Thanks in advance for any and all help.
Ah, well, for curiosity's sake, this is how I did those steps:
[2-(x/x+1)] / (1-x) = 1/(x+1)^2 (Initial Equation)
[2(x+1)-x] / (1-x)(x+1) = 1/(x+1)^2 (Found Common Denominator for Left side)
x+2/(1-x)(x+1) = 1/(x+1)^2 (Simplified left numerator)
(x+2)(x+1)^2 = (1-x)(x+1) (Cross multiplied; I know now that I could have reduced (x+1) in the denominators before cross multiplying which would mean that I wouldn't have ended up with x=-1 as a root...I also could have cross multiplied without simplifying >//<; )
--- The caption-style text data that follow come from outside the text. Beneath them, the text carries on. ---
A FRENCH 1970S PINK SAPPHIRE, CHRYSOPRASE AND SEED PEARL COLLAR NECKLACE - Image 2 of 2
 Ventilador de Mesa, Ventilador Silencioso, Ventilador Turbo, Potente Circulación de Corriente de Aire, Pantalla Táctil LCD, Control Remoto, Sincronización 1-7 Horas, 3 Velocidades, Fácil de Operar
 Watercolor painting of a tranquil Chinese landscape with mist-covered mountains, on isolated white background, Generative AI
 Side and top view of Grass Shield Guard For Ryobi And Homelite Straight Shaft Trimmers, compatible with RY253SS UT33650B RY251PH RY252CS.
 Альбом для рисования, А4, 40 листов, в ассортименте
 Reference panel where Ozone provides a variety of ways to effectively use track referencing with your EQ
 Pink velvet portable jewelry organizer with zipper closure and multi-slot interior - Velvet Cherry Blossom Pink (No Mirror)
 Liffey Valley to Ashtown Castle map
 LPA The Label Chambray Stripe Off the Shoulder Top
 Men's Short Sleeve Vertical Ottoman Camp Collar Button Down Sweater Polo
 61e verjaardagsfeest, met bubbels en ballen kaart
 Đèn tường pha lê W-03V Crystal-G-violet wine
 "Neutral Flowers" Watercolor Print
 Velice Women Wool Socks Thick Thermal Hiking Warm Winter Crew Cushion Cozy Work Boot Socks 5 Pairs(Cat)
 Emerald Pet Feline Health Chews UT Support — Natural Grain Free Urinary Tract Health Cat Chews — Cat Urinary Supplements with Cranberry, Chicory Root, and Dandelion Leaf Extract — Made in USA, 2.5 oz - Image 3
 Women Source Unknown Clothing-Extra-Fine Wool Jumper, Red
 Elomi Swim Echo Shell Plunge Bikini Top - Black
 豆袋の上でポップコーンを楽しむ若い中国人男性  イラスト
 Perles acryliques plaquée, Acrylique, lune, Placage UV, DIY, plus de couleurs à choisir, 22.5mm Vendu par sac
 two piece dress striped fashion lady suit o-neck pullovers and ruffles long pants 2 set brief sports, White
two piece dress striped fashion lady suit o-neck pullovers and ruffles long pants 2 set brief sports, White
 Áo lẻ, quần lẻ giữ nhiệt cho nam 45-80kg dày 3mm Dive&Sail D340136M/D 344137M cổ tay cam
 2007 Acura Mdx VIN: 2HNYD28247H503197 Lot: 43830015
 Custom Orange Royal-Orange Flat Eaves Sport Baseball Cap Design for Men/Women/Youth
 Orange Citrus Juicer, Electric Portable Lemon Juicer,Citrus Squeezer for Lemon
x^3 + 5x^2 + 5x + 1 = 0 (Simplified and moved all terms to left side)
(x+1)(x^2 + 4x + 1) = 0 (Factored using remainder and factor theorem)
I then rejected x=-1 and used the quadratic equation on the trinomial:
= [-4 (+or-) sqrt (16-4(1)(1)] / 2(1)
= [-4 (+or-) sqrt (12)]/ 2
= [-4 (+or-) 2*sqrt (3)]/ 2
= -2 (+or-) sqrt 3
And that's that. I hope that was clear and if you see any mistakes in MY calculations please let me know. ^_^